Member of the Virginia House of Delegates from the 70th district
- In office May 1992 – January 12, 1994
- Preceded by: Roland J. Ealey
- Succeeded by: Dwight C. Jones

Personal details
- Born: Lawrence Douglas Wilder Jr. February 17, 1962 (age 64) Richmond, Virginia, U.S.
- Party: Democratic
- Parent: Douglas Wilder (father);
- Education: University of Virginia (BA, JD); University of Southern California (MBA);
- Occupation: Lawyer; politician;

= Lawrence D. Wilder Jr. =

American politician

Lawrence Douglas Wilder Jr. (born February 17, 1962) is a former member of the Virginia House of Delegates from Richmond. He is the son of former Virginia governor L. Douglas Wilder.

==Life==
In 1989, Wilder served as the treasurer for his father's 1989 gubernatorial campaign. In 2007, he pleaded guilty to unlawful and willful neglect of duty in that role and unlawfully and willingly failing to file a full and accurate campaign committee report to the State Board of Elections.
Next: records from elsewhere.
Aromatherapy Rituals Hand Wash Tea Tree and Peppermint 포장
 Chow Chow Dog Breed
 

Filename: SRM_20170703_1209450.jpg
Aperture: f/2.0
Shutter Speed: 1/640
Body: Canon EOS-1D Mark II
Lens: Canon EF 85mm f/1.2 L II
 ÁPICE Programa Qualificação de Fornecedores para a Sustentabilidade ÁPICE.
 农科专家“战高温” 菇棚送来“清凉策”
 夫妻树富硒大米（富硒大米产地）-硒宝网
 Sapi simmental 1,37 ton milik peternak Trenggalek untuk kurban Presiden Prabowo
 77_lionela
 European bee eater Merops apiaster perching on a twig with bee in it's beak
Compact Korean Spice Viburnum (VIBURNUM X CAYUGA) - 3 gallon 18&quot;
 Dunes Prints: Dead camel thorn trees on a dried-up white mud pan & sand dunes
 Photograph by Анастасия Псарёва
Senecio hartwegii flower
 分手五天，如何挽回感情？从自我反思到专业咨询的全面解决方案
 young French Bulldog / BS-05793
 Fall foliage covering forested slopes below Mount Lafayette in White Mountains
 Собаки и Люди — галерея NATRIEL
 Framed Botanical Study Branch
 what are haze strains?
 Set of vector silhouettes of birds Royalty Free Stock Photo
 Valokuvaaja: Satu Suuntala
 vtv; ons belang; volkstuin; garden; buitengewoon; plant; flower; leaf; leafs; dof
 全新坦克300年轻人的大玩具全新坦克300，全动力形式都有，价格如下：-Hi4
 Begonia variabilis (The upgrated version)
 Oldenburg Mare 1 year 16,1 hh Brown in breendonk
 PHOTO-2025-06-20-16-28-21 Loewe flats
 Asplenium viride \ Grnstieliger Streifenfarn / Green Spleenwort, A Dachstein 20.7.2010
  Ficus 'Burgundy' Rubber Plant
This was due to a failure to account for over $170,000 in funds, as well as a false 1999 campaign report. He was fined $2,500, as well as an additional suspended $2,000, for each count. In addition, he received a 12-month suspended sentence of jail time for each charge. His attorney said that a drug problem that he was experiencing between 1992 and 1999 was a contributing factor, as it put him out of touch with his normal moral values. In 2000, he also pleaded guilty to a federal drugs charge. Richmond Commonwealth's Attorney argued at the time of the elections that Wilder Sr. was actually responsible, and that Wilder Jr. was simply taking the fall.

Wilder was elected in May 1992 to the Virginia House of Delegates following the death of Roland J. Ealey. He left the House two years later, in 1994. Since then, as of 2024, he has mostly worked in state governance, and currently works in the Department of Small Business and Supplier Diversity. He is unmarried and without children.